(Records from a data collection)
-------------------------

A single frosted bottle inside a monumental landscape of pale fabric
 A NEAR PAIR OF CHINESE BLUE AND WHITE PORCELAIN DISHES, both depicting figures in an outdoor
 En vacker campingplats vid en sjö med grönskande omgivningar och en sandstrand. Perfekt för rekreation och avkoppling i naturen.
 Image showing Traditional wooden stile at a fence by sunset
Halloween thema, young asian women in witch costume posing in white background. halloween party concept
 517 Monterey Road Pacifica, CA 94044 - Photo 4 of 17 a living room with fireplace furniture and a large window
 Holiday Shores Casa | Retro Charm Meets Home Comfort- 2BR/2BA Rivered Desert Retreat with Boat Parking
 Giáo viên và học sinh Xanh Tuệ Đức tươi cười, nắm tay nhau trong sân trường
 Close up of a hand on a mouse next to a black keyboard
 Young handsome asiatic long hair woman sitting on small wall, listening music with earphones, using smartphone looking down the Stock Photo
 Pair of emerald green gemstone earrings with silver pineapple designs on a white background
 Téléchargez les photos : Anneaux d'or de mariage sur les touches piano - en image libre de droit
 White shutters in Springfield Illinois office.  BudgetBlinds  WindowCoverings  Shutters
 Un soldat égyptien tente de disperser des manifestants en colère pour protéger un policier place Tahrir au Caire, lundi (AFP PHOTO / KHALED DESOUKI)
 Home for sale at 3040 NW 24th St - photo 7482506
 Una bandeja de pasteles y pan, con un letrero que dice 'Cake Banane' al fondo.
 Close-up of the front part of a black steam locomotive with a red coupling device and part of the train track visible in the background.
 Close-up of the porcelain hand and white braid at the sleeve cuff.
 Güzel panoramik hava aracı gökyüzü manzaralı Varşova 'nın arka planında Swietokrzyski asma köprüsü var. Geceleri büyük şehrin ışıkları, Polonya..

-------------------------

(WHAT IS BEING ASKED): Copy, exactly and only, the lines above that begin with the one containing "Young handsome asiatic" and finish with the one containing "Close-up of the front".

(THE COMPLETED TASK):
 Young handsome asiatic long hair woman sitting on small wall, listening music with earphones, using smartphone looking down the Stock Photo
 Pair of emerald green gemstone earrings with silver pineapple designs on a white background
 Téléchargez les photos : Anneaux d'or de mariage sur les touches piano - en image libre de droit
 White shutters in Springfield Illinois office.  BudgetBlinds  WindowCoverings  Shutters
 Un soldat égyptien tente de disperser des manifestants en colère pour protéger un policier place Tahrir au Caire, lundi (AFP PHOTO / KHALED DESOUKI)
 Home for sale at 3040 NW 24th St - photo 7482506
 Una bandeja de pasteles y pan, con un letrero que dice 'Cake Banane' al fondo.
 Close-up of the front part of a black steam locomotive with a red coupling device and part of the train track visible in the background.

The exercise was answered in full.